Ainsi, selon ces rumeurs, les déplacements par voie terrestre seraient désormais exclus du droit au change dédié aux voyages à l’étranger.
Pourtant, une vérification des données officielles disponibles à ce jour ne montre l’émission d’aucune nouvelle décision ou instruction de la part de la Banque d’Algérie ou du ministère des Finances venant confirmer un tel changement.

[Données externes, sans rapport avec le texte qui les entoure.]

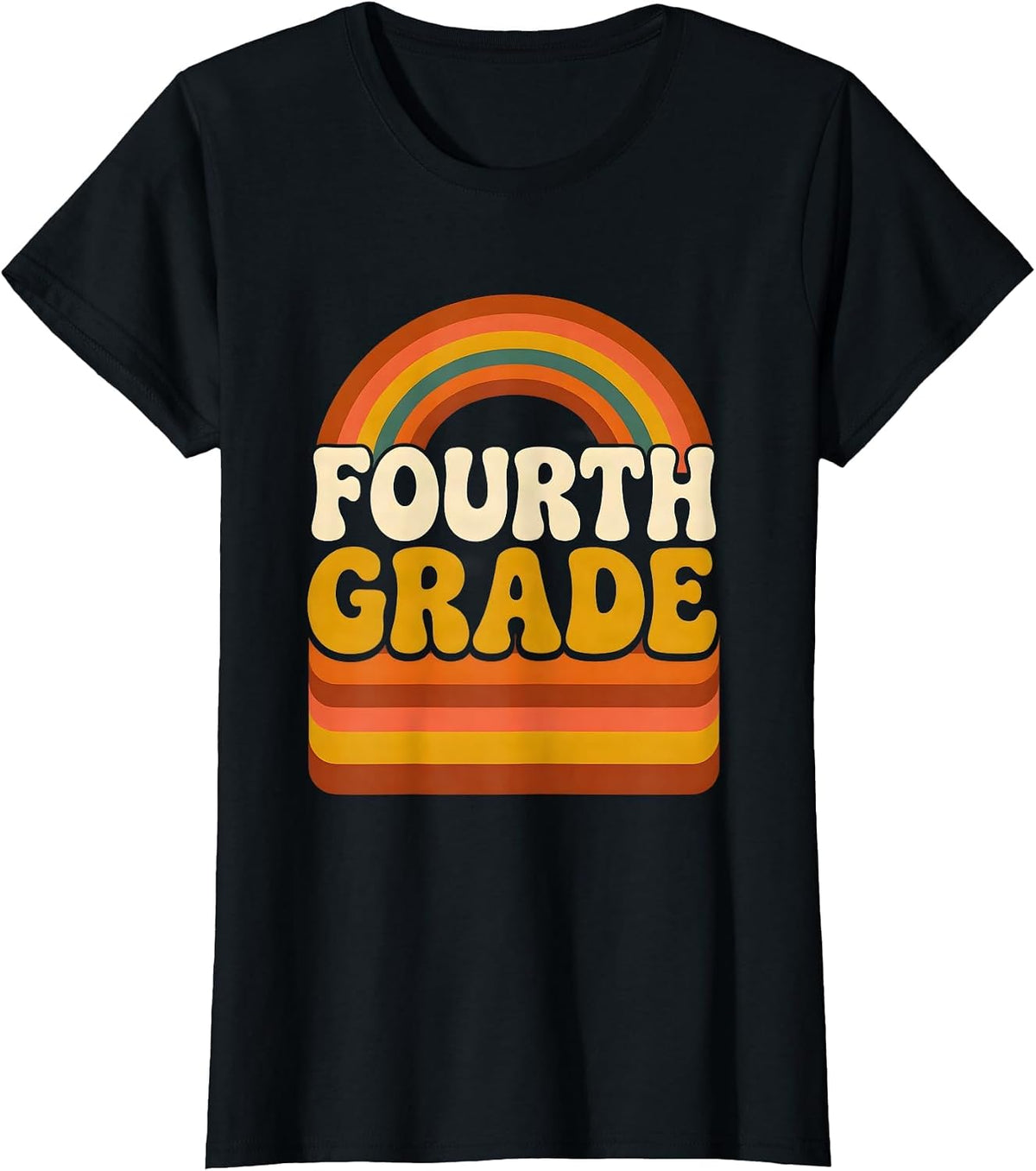 Fourth Grade Retro Teacher Back To School T-Shirt - Black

Actuellement, les textes réglementaires en vigueur continuent d’inclure le transport terrestre parmi les modes de voyage éligibles. Pour rappel, la Banque d’Algérie avait annoncé l’année dernière l’entrée en vigueur de l’instruction n° 05-2025 relative à l’allocation de change destinée aux citoyens voyageant à l’étranger, fixée au 20 juillet. Ces mesures visent à faciliter les déplacements des Algériens hors des frontières nationales, tout en imposant des mécanismes de régulation et de contrôle pour encadrer les opérations de change et limiter tout usage illégal.

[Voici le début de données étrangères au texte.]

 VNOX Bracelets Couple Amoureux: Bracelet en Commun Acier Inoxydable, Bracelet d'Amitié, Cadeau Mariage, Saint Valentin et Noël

Ce qu’il faut savoir sur l’allocation touristique
Selon le nouveau dispositif, le montant de l’allocation est fixé à 750 euros pour les citoyens adultes, et à 300 euros pour les mineurs. Il est souligné que cette aide n’est octroyée qu’une seule fois par an et qu’il est impossible de cumuler plusieurs allocations sur une même période.Parmi les conditions requises, la durée du séjour à l’étranger doit être d’au moins sept jours. Les voyages liés au Hadj sont quant à eux exclus de cette réglementation.
De plus, le bénéficiaire doit finaliser les procédures de paiement au moins trois jours ouvrables avant la date du départ, auprès de la Banque d’Algérie ou des banques agréées. Le dossier à fournir doit comprendre un passeport en cours de validité, un billet de voyage aller-retour, ainsi qu’une copie du visa pour les pays soumis à cette obligation. Les procédures stipulent également que toute personne ayant déjà bénéficié de l’allocation de change au cours des douze mois précédents ne peut y prétendre à nouveau durant la même période.
Modalités de retrait et sanctions encourues
La réception effective des devises s’effectue au niveau du point de sortie du territoire national — qu’il s’agisse des aéroports, des ports ou des postes frontaliers terrestres — sur présentation des documents requis, notamment le passeport, le titre de voyage ou le reçu de paiement. La valeur de la prime, la devise et la date d’octroi sont alors mentionnées sur le passeport.
En contrepartie, l’instruction prévoit des mécanismes de restitution des fonds dans des cas bien précis. Le voyageur est tenu de restituer le montant dans un délai de cinq jours ouvrables à compter de la date de retour si le voyage est annulé, ou si la durée du séjour s’avère inférieure au seuil minimum fixé.
Enfin, la réglementation prévoit des sanctions strictes en cas de fraude ou d’infraction aux conditions d’éligibilité. Celles-ci peuvent aller jusqu’à l’interdiction de bénéficier de l’allocation touristique pour une durée de cinq ans, sans préjudice de poursuites judiciaires selon la nature de l’infraction.
En somme, face à la persistance de ces rumeurs non fondées concernant l’exclusion du transport terrestre, les textes officiels en vigueur continuent de l’inclure au même titre que les transports aérien et maritime, et ce, jusqu’à l’éventuelle publication d’un communiqué officiel annonçant le contraire.